John Hardy, market strategist at Saxo Bank in Copenhagen, recommends staying away from the three so-called commodity currencies, at least in 2006, as he expects this year's blistering rally in metals and oil will lose steam. The currencies often swing with commodity prices.
The shift from market darling to dud for commodity currencies, at least in the case of the Australian and New Zealand dollars, has spanned a period of successive interest rate increases that eventually choked their economies and exacerbated their external deficits, analysts say.
China's insatiable appetite for raw materials to build infrastructure for its red-hot economy has also helped spur a rally in commodities and the currencies tied to them.

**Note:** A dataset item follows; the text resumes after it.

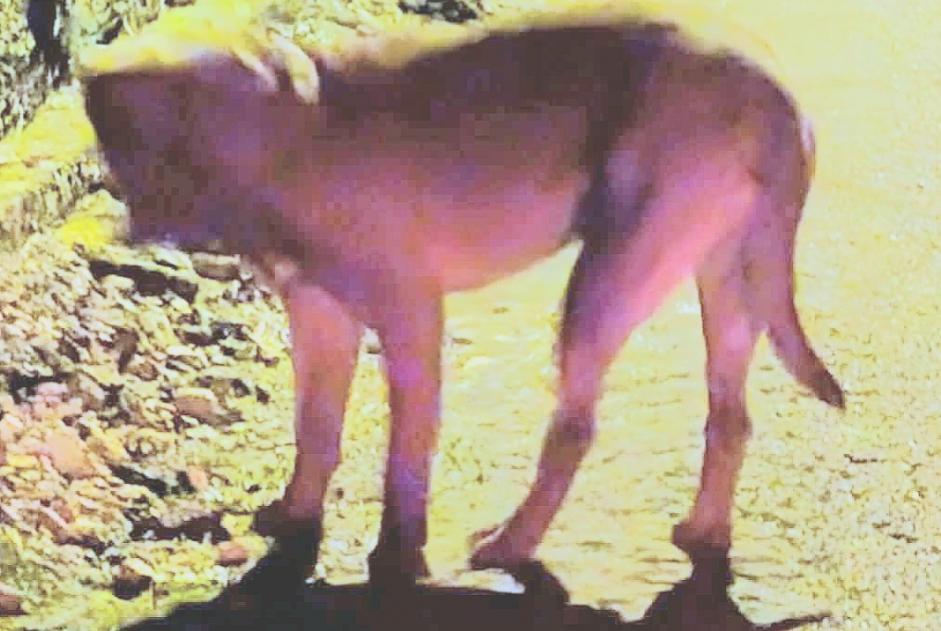 Alerta descoberta Cão  Desconhecido , 3 anos Breurey-lès-Faverney France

Base metals thus enjoyed a banner year in 2005, led by copper, which gained about 60 to 70 percent, according to Reuters data. US crude oil futures, on the other hand, broke above a record $70 per barrel in August. But as in any market, the uptrend in commodity prices is not likely to last forever.

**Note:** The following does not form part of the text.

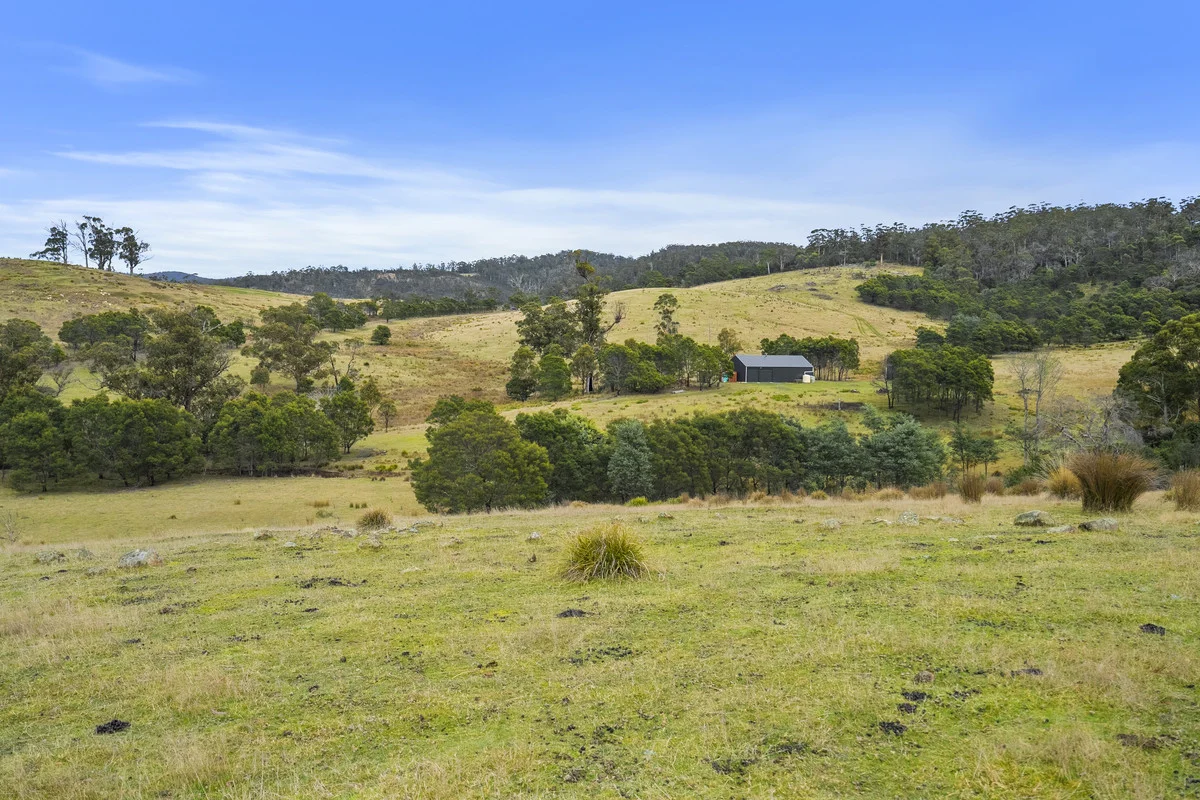 Additional image 21 of 1 & 2 Bresnehans Road, Little Swanport TAS 7190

"I see a more muted market in base metals next year and that should be bearish on the Aussie (Australian dollar). The Canadian dollar and Kiwi (New Zealand dollar) are also expected to underperform, with factors other than commodities having an impact as well," Hardy said.

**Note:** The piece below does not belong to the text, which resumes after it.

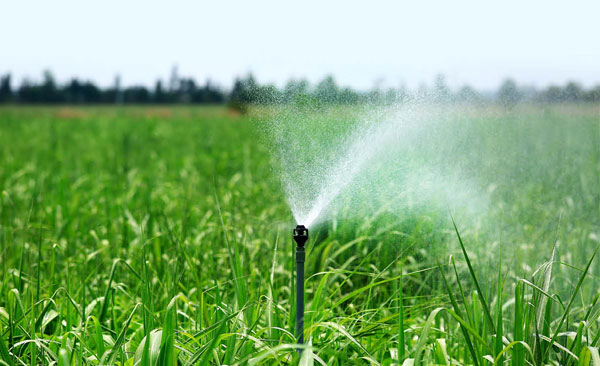 Chăm sóc mía giai đoạn vươn lóng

Analysts expect base metals prices to soften in 2006 as global growth decelerates and as reserve stocks accumulate.
"The market is increasingly vulnerable to the downside and we expect that prices will begin to moderate in 2006. The extent of any correction in copper prices will be watched closely," said Pierre Vaillancourt, a mining analyst at Orion Securities in Toronto.
Analysts say the Australian dollar would be the currency most affected by weaker base metal prices. Over the last five years, base metals have shown a high correlation with movements in the Australian dollar against the US dollar. Lower housing prices, a weakening employment market and a widening trade deficit are also expected to haunt the Australian dollar well into 2006.
Analysts expect the Reserve Bank of Australia to hold rates steady at 5.5 percent for some time. Westpac is forecasting some credit easing to 5.25 percent by the end of 2006, which could diminish the allure of Australian dollar-denominated assets. Energy prices next year are likely to decline from 2005's lofty levels. Deutsche Bank sees oil prices dropping sharply in the second half of 2006 to about $50 per barrel due to forecasts of mild weather and slower global growth.
Other non-commodity factors such as the currency's overvaluation and the deceleration of the US economy in 2006 could also undermine the Canadian dollar, Saxo Bank's Hardy said.